Skip to content

urlparsing

s3_asyncio_client.urlparsing

get_bucket_url(url, bucket, address_style=AddressStyle.AUTO)

Constructs a valid bucket URL from the endpoint URL and bucket name.

If the bucket name is already part of the endpoint URL, it returns the endpoint URL as is. Otherwise, it constructs a new URL with the bucket name as part of the path or as a subdomain, depending on whether the endpoint URL is a valid DNS name.

Source code in src/s3_asyncio_client/urlparsing.py
def get_bucket_url(
    url: URL, bucket: str, address_style: AddressStyle = AddressStyle.AUTO
) -> URL:
    """Constructs a valid bucket URL from the endpoint URL and bucket name.

    If the bucket name is already part of the endpoint URL, it returns the
    endpoint URL as is.
    Otherwise, it constructs a new URL with the bucket name as part of the path
    or as a subdomain, depending on whether the endpoint URL is a valid DNS name.
    """
    bucket = bucket.strip("/")

    if url.scheme != "https" or not url.host:
        raise ValueError("Invalid endpoint URL. Must be a valid HTTPS URL.")
    if url.host.startswith(bucket + ".") and url.path.endswith(bucket):
        raise ValueError(
            f"Bucket '{bucket}' is both in the host and path part of the URL '{url}'. "
        )

    is_valid_host = is_valid_s3_bucket_subdomain(bucket)

    # new AWS S3 buckets, Backblaze B2, DigitalOcean Spaces, etc.
    virtual_hosted_style = (
        url
        if url.host.startswith(bucket + ".")
        else url.with_host(f"{bucket}.{url.host}")
    )
    #  old AWS S3 buckets or MinIO
    path_style = url.with_path(bucket)

    match address_style:
        case AddressStyle.AUTO:
            return virtual_hosted_style if is_valid_host else path_style
        case AddressStyle.VIRTUAL_HOSTED:
            if is_valid_host:
                return virtual_hosted_style
        case AddressStyle.PATH_STYLE:
            return path_style

    raise ValueError(f"Invalid bucket name '{bucket}' for endpoint URL '{url}'")

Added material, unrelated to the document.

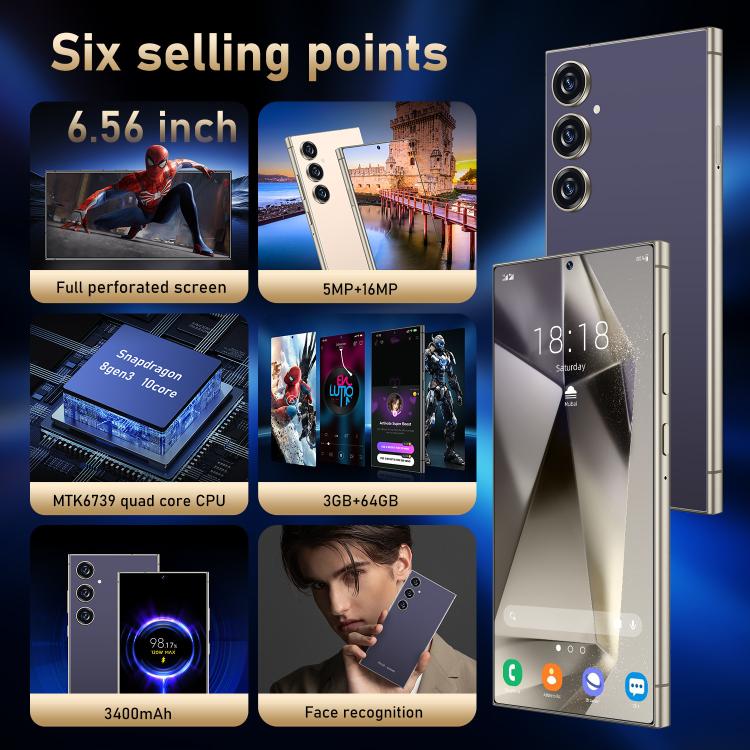 C24 Pro / S3-3, 3GB+64GB, 6.56 inch Android 10 MTK6739 Quad Core, Network: 4G, Dual SIM, Plug:US Plug(Gold) - free shipping - PMc TechLife - Order now!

is_valid_s3_bucket_subdomain(bucket)

S3-specific subdomain validation (stricter than general DNS).

Source code in src/s3_asyncio_client/urlparsing.py
def is_valid_s3_bucket_subdomain(bucket: str) -> bool:
    """S3-specific subdomain validation (stricter than general DNS)."""
    if not bucket or len(bucket) < 3 or len(bucket) > 63:
        return False

    if not re.match(r"^[a-z0-9.-]+$", bucket):
        return False

    if bucket[0] in "-." or bucket[-1] in "-.":
        return False

    if ".." in bucket or ".-" in bucket or "-." in bucket:
        return False

    # Cannot look like IP address
    if re.match(r"^\d+\.\d+\.\d+\.\d+$", bucket):
        return False

    return True